You can find this pack and other Fantastic Maps map packs on my RPGNow store.

----------


## Gamerprinter

Congrats, T! Looks great, and look forward to more of your work with KQ!

GP

----------


## Jaxilon

Good job Torstan, congrats on the new deal with KQ!

----------


## Gidde

This could be perfect for some of the places in my campaign world. As always, Torstan, you rock  :Smile:

----------


## Steel General

As expected from Torstan, top-notch work.

----------


## torstan

Thanks guys! It's great to be able to release some more maps in versions that can be used in people's games. If you pick this up, please consider writing a short review. Even a sentence on RPGNow helps a lot.

----------


## krasimir

Excellent stuff, Torstan!

----------


## RobA

Haha-

I read the title quickly and though it was the "Giant Meatball".

Now I am sad, as I had my hopes up for a map of a giant meatball.  :Frown: 

-Rob A>

----------


## Ascension

As long as it's not Meatwad - I can't understand a word that guy says.

----------


## Steel General

> As long as it's not Meatwad - I can't understand a word that guy says.

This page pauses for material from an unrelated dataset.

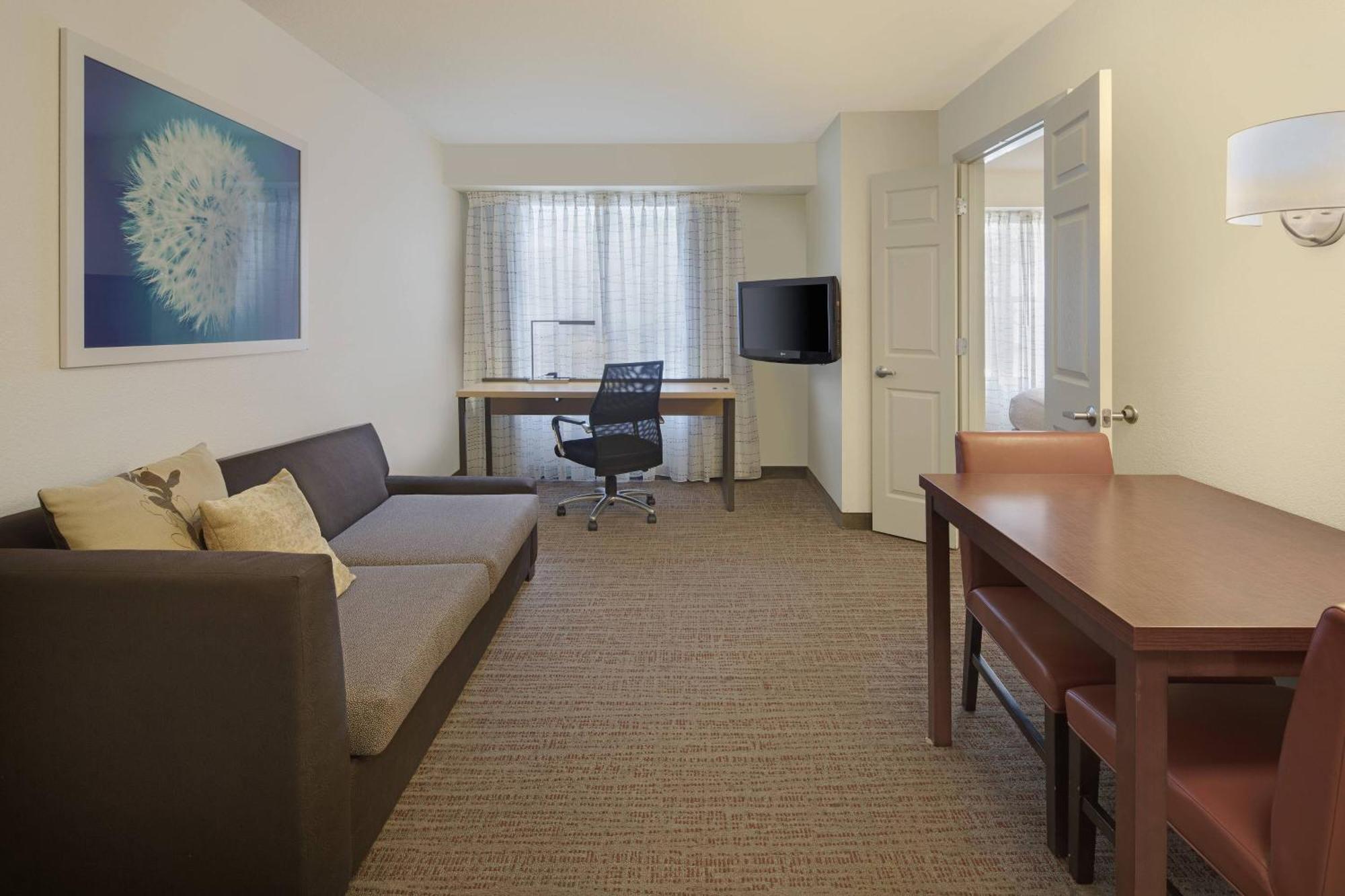 Residence Inn Indianapolis Airport Exterior photo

"But damn, that's your money man!" - Meatwad from the Scott Van Pelt show on ESPN Radio

----------


## Ascension

I like the Carl bits on SVP, Stone cold lead pipe lock of the century...o da week.  And here I thought I was the only one watching SVP.   :Smile:

----------


## Steel General

Probably the best show on ESPN radio, the really need to get rid of The Herd...

----------


## Sakusammakko

Somehow I missed or overlooked this map, too.  Adding it to my wishlist now.  Looks fantastic.

----------


## torstan

Glad you like it. Let me know if it works out for you.

----------